No Evangelho de São Mateus 2,1-12, os Magos começam a manifestar a intenção que os move: “Vimos a sua estrela no Oriente e viemos adorá-Lo” (2, 2). Adorar é o objetivo do seu percurso, a meta do seu caminho. De fato, chegados a Belém, quando “viram o Menino com Maria, sua mãe, prostrando-se, adoraram-No” (2, 11). Se perdermos o sentido da adoração, falta-nos o sentido de marcha da vida cristã, que é um caminho rumo ao Senhor, e não a nós. O risco existe, como nos adverte o Evangelho, quando, a par dos Magos, mostra personagens incapazes de adorar.

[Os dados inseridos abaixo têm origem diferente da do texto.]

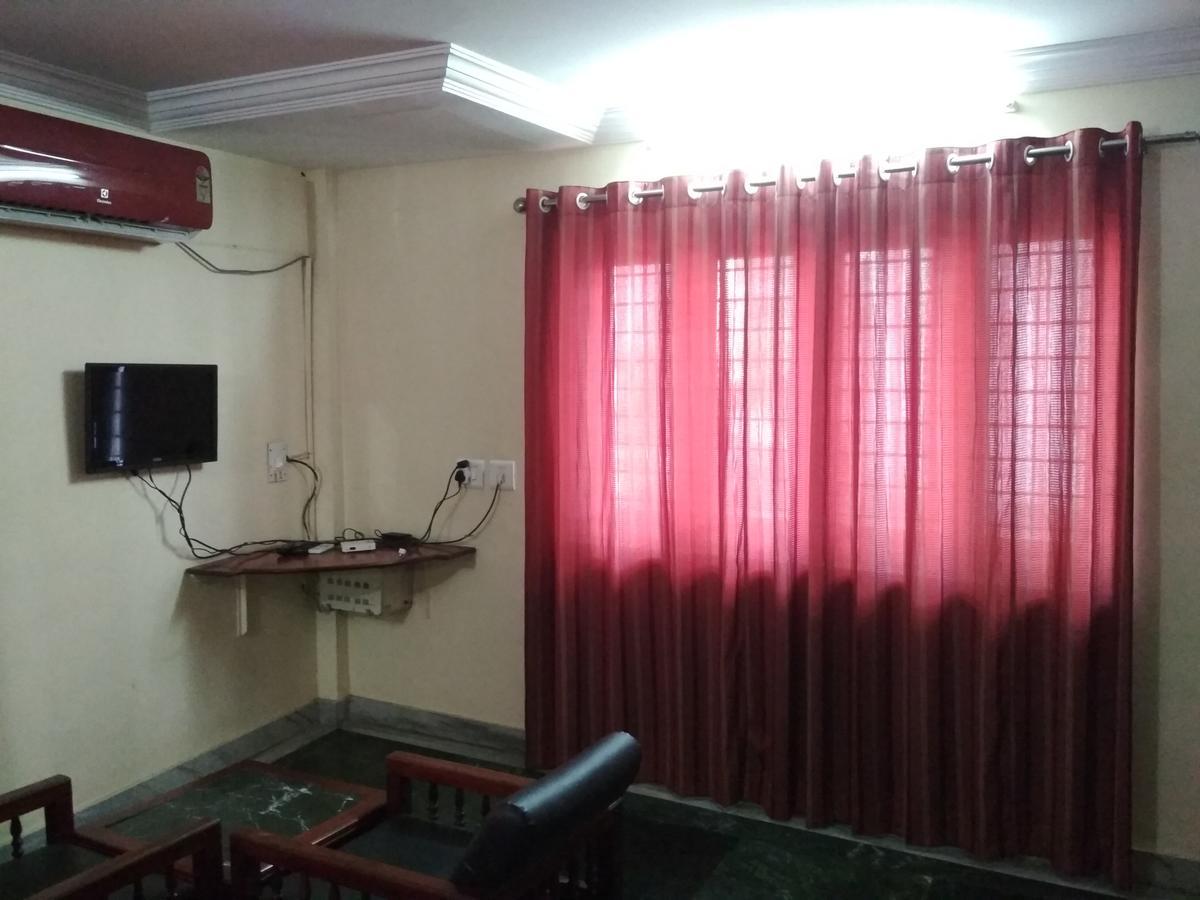Alwaye Hotel Rukmini المظهر الخارجي الصورة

O primeiro deles é o rei Herodes, que usa o verbo “adorar”, mas de maneira falaciosa. Com efeito, pede aos Magos que o informem do local onde encontraram o Menino, “para – diz ele – ir também eu adorá-Lo” (2,8). Na realidade, Herodes adorava apenas a si mesmo, e, por isso, com uma mentira, o que ele queria era livrar-se do Menino. O que nos ensina isso? Que o homem, quando não adora a Deus, é levado a adorar a si mesmo; e a própria vida cristã, sem adorar ao Senhor, pode se tornar uma forma educada de louvar a si mesmo e a sua habilidade: cristãos que não sabem adorar não sabem rezar adorando. É um risco sério: servir-se de Deus em vez de servir a Deus. Quantas vezes trocamos os interesses do Evangelho pelos nossos! Quantas vezes revestimos de religiosidade aquilo que a nos convêm! Quantas vezes confundimos o poder segundo Deus, que é servir aos outros com o poder segundo o mundo, que é servir a si mesmo!

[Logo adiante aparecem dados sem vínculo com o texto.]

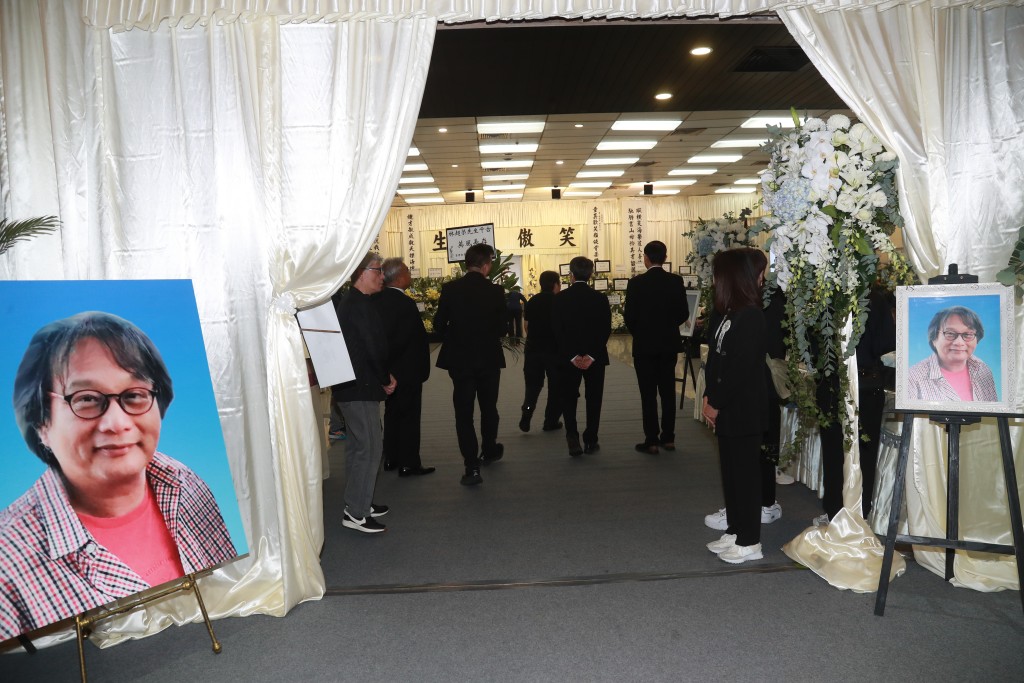 林超荣遗孀屈颖妍及林超荣家人今日在红磡世界殡仪馆，为林超荣设灵。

Papa Francisco destaca a importância da adoração
Além de Herodes, há outras pessoas, no Evangelho, que não conseguem adorar: são os sumos sacerdotes e os escribas do povo. Com extrema precisão, indicam a Herodes o local onde havia de nascer o Messias: em Belém da Judeia (cf. 2,5). Conhecem as profecias, citam-nas de forma exata. Sabem aonde ir – são grandes teólogos, mesmo grandes! –, mas não vão. Disso também podemos tirar uma lição: na vida cristã, não basta saber. Sem sair de si mesmo, sem ir ao encontro de Deus, sem O adorar, não O conhecemos. De pouco ou nada servem a teologia e a ação pastoral, se não se dobram os joelhos, se não se faz como os Magos, que não se limitaram a ser sábios organizadores duma viagem, mas caminharam e adoraram. Quando adoramos, apercebemo-nos de que a fé não se reduz a um belo conjunto de doutrinas, mas é a relação com uma Pessoa viva que devemos amar. É permanecendo face a face com Jesus que conhecemos o seu rosto. Quando O adoramos, descobrimos que a vida cristã é uma história de amor com Deus, onde não basta ter boas ideias sobre Ele, mas é preciso colocá-Lo em primeiro lugar, como faz um namorado com a pessoa amada. Assim deve ser a Igreja: uma adoradora enamorada de Jesus, seu Esposo.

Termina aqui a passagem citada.